» **About this task**
Beginning with the line that holds "Седан Volkswagen Jetta 2014 в Запоріжжі" in the data below, give again every line through the one that holds "Nhà mới 3 phòng hẻm ô tô Trần Quang Diệu", exactly as written.

» **Data to examine**
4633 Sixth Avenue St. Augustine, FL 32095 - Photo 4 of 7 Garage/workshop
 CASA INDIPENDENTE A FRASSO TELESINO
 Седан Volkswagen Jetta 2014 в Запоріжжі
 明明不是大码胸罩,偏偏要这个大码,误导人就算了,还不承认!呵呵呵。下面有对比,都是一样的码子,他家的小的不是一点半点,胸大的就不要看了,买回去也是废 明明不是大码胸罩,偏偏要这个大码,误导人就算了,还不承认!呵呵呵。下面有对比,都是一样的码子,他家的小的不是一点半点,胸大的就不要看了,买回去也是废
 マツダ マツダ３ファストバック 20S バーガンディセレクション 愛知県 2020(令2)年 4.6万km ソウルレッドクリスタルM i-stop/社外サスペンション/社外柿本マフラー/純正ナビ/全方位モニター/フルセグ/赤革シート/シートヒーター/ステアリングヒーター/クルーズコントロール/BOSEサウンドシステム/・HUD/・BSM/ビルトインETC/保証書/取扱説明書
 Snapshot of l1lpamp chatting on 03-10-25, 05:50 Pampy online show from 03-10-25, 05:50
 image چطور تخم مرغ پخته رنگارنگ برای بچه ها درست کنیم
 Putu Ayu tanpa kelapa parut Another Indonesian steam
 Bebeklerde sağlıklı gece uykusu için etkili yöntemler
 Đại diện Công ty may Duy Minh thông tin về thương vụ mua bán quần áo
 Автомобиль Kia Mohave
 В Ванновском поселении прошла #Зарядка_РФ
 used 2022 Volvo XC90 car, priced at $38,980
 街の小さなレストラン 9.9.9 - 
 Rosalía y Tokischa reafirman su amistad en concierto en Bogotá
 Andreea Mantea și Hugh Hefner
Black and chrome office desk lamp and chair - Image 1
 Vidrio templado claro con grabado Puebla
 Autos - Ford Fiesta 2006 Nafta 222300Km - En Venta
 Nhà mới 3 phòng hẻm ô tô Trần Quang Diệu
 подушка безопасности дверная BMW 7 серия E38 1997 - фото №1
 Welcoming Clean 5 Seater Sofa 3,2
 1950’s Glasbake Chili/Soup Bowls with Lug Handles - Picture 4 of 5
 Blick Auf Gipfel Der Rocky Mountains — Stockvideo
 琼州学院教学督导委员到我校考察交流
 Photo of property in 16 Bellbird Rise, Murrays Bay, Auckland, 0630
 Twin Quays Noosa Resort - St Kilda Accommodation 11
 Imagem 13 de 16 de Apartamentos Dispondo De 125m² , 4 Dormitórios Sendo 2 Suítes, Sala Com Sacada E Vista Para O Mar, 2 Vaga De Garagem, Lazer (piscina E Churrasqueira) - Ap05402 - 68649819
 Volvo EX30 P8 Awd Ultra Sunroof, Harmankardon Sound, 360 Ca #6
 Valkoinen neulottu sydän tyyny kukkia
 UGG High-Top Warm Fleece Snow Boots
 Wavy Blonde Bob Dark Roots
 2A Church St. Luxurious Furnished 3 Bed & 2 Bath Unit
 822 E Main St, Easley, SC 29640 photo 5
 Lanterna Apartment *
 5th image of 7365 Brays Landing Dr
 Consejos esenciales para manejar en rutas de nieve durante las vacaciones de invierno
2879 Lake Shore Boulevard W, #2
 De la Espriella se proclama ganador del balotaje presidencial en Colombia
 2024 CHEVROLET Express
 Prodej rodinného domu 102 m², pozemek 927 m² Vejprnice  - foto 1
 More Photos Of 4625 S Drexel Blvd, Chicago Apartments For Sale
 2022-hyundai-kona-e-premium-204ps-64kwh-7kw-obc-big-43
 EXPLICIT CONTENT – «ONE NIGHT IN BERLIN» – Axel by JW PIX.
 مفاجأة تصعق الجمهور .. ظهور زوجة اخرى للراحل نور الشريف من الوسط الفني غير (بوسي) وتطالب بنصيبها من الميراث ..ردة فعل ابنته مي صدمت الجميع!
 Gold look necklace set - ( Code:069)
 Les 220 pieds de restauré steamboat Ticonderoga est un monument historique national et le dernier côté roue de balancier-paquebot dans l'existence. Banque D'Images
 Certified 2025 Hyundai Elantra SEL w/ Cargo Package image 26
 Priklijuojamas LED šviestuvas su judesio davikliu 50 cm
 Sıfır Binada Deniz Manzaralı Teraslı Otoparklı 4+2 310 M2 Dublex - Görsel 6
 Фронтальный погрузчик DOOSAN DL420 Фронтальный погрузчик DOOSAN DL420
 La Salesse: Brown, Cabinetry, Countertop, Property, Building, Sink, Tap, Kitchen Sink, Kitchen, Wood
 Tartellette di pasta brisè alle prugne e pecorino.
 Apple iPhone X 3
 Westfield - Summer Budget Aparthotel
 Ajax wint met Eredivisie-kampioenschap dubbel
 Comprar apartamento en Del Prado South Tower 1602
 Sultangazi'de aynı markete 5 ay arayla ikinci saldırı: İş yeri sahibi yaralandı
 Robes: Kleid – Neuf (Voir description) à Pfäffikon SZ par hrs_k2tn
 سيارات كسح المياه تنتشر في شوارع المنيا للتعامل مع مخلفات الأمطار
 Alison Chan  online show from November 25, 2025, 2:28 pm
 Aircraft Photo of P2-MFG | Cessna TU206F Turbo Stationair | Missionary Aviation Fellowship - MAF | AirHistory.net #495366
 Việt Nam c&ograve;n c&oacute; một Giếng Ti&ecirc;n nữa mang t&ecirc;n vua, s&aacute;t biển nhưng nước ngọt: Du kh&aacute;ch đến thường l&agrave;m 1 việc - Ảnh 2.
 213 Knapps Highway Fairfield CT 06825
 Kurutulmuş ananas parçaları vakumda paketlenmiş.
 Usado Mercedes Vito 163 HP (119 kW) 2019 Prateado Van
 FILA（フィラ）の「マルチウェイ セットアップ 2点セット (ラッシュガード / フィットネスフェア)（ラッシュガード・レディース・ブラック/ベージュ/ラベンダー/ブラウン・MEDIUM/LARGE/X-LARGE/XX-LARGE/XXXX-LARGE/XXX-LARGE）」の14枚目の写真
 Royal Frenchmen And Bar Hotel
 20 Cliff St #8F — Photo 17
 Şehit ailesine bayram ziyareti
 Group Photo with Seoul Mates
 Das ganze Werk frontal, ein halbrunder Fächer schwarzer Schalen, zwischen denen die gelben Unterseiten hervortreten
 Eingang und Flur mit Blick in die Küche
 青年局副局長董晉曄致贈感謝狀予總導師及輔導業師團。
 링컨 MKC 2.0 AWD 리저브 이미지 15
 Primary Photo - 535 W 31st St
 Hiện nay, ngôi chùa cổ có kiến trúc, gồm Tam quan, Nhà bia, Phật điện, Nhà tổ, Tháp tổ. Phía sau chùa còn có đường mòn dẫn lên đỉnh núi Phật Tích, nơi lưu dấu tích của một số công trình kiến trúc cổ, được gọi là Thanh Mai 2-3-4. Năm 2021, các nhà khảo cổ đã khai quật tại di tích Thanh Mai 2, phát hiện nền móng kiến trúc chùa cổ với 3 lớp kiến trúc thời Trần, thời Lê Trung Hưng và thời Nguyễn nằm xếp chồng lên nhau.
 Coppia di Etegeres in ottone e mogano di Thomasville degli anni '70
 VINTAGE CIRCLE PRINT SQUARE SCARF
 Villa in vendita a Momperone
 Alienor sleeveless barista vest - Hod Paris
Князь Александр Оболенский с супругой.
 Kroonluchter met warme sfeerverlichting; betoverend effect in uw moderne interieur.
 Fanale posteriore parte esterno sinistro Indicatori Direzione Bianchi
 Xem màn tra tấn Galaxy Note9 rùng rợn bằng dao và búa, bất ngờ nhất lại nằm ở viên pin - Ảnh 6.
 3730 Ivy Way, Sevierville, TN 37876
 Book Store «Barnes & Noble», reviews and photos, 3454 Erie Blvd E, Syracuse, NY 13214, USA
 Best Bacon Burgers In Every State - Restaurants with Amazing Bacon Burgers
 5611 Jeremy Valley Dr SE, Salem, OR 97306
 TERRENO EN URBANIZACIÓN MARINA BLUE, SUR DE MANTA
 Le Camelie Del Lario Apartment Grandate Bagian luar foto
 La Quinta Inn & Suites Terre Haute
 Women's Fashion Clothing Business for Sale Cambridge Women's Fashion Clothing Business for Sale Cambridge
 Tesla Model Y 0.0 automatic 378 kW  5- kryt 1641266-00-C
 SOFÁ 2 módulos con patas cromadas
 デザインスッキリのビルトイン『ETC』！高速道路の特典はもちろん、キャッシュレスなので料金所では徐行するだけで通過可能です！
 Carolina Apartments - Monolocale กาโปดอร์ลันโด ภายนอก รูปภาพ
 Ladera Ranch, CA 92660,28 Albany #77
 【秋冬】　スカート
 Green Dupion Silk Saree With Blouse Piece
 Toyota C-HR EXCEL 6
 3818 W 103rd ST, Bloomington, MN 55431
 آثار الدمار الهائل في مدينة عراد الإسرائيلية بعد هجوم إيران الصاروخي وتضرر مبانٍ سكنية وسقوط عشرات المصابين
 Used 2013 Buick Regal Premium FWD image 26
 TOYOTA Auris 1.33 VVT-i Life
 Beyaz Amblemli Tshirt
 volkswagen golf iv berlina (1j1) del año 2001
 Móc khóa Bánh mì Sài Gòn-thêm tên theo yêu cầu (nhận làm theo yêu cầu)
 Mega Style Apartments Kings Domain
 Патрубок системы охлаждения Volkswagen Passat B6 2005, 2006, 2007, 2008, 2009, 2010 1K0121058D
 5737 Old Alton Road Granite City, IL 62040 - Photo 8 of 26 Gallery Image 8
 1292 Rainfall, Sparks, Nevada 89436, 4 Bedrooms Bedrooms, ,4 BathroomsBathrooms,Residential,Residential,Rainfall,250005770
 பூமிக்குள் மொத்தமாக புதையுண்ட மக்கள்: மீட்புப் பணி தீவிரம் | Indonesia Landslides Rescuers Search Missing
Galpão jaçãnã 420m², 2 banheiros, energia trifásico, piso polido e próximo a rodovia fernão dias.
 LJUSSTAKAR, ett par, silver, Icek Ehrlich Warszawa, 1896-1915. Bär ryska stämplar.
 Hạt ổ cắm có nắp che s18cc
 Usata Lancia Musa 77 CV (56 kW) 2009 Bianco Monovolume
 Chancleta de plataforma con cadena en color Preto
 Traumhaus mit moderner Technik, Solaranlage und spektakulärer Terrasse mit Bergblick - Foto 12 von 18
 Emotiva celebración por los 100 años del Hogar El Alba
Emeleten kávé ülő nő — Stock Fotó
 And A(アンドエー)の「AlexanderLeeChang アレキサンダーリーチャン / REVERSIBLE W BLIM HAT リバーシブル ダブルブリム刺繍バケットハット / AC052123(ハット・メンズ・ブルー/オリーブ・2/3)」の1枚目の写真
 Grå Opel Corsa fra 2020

» **Task response**
 Седан Volkswagen Jetta 2014 в Запоріжжі
 明明不是大码胸罩,偏偏要这个大码,误导人就算了,还不承认!呵呵呵。下面有对比,都是一样的码子,他家的小的不是一点半点,胸大的就不要看了,买回去也是废 明明不是大码胸罩,偏偏要这个大码,误导人就算了,还不承认!呵呵呵。下面有对比,都是一样的码子,他家的小的不是一点半点,胸大的就不要看了,买回去也是废
 マツダ マツダ３ファストバック 20S バーガンディセレクション 愛知県 2020(令2)年 4.6万km ソウルレッドクリスタルM i-stop/社外サスペンション/社外柿本マフラー/純正ナビ/全方位モニター/フルセグ/赤革シート/シートヒーター/ステアリングヒーター/クルーズコントロール/BOSEサウンドシステム/・HUD/・BSM/ビルトインETC/保証書/取扱説明書
 Snapshot of l1lpamp chatting on 03-10-25, 05:50 Pampy online show from 03-10-25, 05:50
 image چطور تخم مرغ پخته رنگارنگ برای بچه ها درست کنیم
 Putu Ayu tanpa kelapa parut Another Indonesian steam
 Bebeklerde sağlıklı gece uykusu için etkili yöntemler
 Đại diện Công ty may Duy Minh thông tin về thương vụ mua bán quần áo
 Автомобиль Kia Mohave
 В Ванновском поселении прошла #Зарядка_РФ
 used 2022 Volvo XC90 car, priced at $38,980
 街の小さなレストラン 9.9.9 - 
 Rosalía y Tokischa reafirman su amistad en concierto en Bogotá
 Andreea Mantea și Hugh Hefner
Black and chrome office desk lamp and chair - Image 1
 Vidrio templado claro con grabado Puebla
 Autos - Ford Fiesta 2006 Nafta 222300Km - En Venta
 Nhà mới 3 phòng hẻm ô tô Trần Quang Diệu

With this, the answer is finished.